*** Begin section ***

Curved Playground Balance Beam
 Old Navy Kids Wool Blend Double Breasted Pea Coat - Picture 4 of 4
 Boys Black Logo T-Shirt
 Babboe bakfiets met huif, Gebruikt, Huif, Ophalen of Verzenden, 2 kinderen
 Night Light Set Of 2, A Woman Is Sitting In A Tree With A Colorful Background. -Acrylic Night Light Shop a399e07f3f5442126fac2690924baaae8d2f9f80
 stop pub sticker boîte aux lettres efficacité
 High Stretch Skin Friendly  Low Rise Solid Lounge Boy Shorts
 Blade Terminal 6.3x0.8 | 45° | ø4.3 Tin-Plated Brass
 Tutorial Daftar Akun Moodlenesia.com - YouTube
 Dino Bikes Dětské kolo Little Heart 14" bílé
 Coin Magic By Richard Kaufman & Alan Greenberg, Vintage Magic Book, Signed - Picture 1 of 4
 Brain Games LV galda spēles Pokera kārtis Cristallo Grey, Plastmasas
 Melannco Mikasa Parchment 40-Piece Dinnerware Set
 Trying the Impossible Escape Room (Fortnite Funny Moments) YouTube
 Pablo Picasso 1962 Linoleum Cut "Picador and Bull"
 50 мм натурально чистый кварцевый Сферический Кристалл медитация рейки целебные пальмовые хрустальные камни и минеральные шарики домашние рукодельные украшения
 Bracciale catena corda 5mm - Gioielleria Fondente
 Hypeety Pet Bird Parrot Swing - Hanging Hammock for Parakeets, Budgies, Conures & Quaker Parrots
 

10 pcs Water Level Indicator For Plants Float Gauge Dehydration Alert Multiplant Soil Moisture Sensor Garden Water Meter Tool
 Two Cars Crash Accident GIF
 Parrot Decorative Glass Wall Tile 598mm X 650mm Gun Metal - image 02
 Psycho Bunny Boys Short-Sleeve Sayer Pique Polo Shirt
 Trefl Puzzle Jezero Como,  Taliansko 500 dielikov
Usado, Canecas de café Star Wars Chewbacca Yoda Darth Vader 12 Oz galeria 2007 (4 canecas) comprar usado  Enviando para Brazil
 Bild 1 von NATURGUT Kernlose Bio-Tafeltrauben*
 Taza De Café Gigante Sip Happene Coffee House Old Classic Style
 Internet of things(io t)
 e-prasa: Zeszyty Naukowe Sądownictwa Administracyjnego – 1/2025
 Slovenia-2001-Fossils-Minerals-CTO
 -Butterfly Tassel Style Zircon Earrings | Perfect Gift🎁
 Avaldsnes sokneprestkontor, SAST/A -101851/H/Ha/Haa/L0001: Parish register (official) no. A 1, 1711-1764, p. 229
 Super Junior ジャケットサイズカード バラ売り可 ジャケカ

*** End section ***

**REQUIREMENT**
From the records above, print only the lines between the one holding "Parrot Decorative Glass" and the one holding "Slovenia-2001-Fossils-Minerals-CTO", inclusive, exactly as they stand.

**ANSWER TO THIS EXERCISE**
 Parrot Decorative Glass Wall Tile 598mm X 650mm Gun Metal - image 02
 Psycho Bunny Boys Short-Sleeve Sayer Pique Polo Shirt
 Trefl Puzzle Jezero Como,  Taliansko 500 dielikov
Usado, Canecas de café Star Wars Chewbacca Yoda Darth Vader 12 Oz galeria 2007 (4 canecas) comprar usado  Enviando para Brazil
 Bild 1 von NATURGUT Kernlose Bio-Tafeltrauben*
 Taza De Café Gigante Sip Happene Coffee House Old Classic Style
 Internet of things(io t)
 e-prasa: Zeszyty Naukowe Sądownictwa Administracyjnego – 1/2025
 Slovenia-2001-Fossils-Minerals-CTO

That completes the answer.